*** Begin section ***

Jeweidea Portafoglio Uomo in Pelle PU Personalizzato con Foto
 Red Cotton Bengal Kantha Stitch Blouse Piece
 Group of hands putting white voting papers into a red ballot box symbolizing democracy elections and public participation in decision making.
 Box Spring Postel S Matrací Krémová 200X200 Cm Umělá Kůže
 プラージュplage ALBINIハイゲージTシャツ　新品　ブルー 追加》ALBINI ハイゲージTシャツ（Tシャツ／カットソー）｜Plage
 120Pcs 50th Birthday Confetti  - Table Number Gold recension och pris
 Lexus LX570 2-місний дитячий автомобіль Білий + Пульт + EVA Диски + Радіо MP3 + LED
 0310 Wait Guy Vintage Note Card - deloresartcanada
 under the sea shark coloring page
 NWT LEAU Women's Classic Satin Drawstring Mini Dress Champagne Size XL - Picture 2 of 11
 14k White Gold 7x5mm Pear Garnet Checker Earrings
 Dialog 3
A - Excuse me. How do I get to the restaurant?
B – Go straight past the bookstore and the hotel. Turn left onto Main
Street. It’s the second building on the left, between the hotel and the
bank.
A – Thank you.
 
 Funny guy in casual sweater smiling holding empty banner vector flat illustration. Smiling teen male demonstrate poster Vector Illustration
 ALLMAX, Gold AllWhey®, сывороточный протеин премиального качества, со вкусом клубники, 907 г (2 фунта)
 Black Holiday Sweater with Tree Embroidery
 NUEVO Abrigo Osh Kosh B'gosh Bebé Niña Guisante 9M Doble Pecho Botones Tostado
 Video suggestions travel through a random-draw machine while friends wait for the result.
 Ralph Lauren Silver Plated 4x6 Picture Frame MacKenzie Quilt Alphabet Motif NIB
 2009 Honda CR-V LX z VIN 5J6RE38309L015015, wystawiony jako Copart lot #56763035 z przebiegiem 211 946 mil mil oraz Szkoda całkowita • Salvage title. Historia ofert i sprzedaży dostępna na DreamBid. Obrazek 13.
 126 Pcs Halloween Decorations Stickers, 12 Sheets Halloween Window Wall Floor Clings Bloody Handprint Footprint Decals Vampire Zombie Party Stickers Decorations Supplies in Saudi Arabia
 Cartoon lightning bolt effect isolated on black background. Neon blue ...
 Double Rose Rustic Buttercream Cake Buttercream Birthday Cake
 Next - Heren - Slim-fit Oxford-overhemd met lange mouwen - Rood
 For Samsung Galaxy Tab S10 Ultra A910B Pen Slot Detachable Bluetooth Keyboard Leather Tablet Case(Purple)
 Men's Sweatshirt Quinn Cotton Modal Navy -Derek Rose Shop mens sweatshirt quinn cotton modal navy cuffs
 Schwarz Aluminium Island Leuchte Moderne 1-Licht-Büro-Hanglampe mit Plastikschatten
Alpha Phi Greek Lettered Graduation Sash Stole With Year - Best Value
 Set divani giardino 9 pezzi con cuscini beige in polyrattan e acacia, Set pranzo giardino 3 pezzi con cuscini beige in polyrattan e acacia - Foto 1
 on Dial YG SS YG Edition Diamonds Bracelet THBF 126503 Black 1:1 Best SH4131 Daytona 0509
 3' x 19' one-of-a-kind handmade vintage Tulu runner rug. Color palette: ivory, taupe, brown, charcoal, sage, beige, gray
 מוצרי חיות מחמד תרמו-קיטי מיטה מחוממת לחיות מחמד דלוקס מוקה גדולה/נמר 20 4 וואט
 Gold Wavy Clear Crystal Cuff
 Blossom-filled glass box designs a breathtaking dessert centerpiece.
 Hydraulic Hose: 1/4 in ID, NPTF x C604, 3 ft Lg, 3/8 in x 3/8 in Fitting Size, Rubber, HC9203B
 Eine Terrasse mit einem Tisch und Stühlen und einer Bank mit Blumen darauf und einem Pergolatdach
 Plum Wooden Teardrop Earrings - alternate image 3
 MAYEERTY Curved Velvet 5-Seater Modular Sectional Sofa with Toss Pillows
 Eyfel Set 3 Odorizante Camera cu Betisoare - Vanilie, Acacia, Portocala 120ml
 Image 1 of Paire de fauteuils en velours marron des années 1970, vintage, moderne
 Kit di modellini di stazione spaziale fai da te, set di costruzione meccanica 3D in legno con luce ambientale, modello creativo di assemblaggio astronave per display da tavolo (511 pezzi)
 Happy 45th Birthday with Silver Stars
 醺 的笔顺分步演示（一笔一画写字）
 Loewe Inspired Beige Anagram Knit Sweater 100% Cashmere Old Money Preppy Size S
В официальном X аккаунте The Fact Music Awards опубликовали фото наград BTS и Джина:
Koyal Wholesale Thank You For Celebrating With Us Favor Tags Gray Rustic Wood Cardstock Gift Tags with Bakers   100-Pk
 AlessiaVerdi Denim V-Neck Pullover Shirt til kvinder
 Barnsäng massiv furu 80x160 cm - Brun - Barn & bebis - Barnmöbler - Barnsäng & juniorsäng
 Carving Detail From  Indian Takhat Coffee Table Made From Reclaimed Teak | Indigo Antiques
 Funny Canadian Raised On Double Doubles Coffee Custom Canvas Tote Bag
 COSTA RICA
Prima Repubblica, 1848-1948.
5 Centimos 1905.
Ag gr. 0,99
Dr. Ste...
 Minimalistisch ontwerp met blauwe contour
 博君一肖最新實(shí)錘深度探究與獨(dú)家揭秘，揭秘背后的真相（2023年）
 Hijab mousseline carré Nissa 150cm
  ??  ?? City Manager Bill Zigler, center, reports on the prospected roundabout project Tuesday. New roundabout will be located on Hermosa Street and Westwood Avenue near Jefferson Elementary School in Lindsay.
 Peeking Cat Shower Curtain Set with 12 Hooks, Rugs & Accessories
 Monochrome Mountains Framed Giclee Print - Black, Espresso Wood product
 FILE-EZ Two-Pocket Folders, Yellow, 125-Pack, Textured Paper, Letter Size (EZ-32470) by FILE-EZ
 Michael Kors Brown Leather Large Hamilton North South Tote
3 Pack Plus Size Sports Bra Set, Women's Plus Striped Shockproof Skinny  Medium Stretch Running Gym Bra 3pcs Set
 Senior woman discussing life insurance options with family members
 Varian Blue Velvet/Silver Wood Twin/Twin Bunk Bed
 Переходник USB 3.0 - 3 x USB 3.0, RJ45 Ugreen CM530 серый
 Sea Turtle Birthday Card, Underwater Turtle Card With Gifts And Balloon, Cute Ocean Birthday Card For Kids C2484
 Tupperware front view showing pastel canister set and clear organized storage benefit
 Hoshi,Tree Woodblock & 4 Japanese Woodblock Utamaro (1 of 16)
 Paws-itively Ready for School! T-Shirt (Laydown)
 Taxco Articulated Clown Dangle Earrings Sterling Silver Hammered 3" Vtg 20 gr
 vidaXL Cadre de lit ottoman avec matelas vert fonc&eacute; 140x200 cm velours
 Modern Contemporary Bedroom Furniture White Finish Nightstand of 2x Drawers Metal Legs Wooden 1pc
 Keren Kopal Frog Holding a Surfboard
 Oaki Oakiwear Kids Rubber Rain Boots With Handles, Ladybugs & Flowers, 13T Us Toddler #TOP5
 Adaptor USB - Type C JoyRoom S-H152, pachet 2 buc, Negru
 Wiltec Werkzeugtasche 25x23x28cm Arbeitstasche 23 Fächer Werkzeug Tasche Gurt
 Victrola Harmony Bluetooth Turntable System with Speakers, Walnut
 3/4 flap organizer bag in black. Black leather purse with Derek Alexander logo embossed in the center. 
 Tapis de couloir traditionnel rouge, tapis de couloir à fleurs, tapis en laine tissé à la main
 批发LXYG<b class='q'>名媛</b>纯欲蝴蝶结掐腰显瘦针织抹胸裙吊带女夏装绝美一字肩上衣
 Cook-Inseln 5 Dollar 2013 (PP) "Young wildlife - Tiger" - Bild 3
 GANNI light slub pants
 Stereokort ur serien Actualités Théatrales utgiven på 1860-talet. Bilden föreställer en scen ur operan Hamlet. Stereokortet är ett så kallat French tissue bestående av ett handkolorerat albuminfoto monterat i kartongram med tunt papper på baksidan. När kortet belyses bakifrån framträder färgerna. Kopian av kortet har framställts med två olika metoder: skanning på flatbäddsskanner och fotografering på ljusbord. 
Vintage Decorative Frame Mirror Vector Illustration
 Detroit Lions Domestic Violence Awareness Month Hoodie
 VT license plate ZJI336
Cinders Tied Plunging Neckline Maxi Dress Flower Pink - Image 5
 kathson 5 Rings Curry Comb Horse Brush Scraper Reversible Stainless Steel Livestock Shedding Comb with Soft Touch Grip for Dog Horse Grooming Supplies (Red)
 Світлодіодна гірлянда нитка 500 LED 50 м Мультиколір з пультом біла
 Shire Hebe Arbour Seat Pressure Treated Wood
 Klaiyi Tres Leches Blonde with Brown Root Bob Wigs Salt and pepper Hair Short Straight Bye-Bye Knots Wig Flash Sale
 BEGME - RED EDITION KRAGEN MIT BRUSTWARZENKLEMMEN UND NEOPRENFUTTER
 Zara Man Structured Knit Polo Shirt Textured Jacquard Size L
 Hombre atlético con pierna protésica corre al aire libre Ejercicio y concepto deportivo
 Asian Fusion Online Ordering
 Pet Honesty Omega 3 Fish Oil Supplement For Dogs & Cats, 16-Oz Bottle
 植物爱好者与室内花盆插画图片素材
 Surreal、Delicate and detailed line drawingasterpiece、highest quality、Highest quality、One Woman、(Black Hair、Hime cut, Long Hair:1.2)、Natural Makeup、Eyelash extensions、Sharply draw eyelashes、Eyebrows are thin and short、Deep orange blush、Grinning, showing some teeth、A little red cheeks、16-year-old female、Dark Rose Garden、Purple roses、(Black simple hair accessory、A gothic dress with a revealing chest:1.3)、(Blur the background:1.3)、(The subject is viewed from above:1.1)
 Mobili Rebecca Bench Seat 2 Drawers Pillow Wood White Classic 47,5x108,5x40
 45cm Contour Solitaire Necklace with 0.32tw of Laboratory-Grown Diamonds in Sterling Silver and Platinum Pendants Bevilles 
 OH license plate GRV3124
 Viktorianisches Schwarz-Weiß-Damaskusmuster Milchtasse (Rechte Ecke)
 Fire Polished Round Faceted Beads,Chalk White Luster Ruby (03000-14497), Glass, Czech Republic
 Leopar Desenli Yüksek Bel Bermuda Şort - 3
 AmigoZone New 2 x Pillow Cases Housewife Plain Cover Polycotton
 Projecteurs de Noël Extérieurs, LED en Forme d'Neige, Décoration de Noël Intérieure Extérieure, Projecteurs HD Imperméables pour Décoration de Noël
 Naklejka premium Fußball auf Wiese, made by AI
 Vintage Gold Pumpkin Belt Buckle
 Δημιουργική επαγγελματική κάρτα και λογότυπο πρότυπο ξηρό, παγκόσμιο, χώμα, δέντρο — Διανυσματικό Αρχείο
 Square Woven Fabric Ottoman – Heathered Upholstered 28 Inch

*** End section ***

— What you should do —
Starting at the line that contains "Vintage Gold Pumpkin Belt Buckle", transcribe every line through the last line of the entries above, exactly, and nothing else.

— Solved problem —
 Vintage Gold Pumpkin Belt Buckle
 Δημιουργική επαγγελματική κάρτα και λογότυπο πρότυπο ξηρό, παγκόσμιο, χώμα, δέντρο — Διανυσματικό Αρχείο
 Square Woven Fabric Ottoman – Heathered Upholstered 28 Inch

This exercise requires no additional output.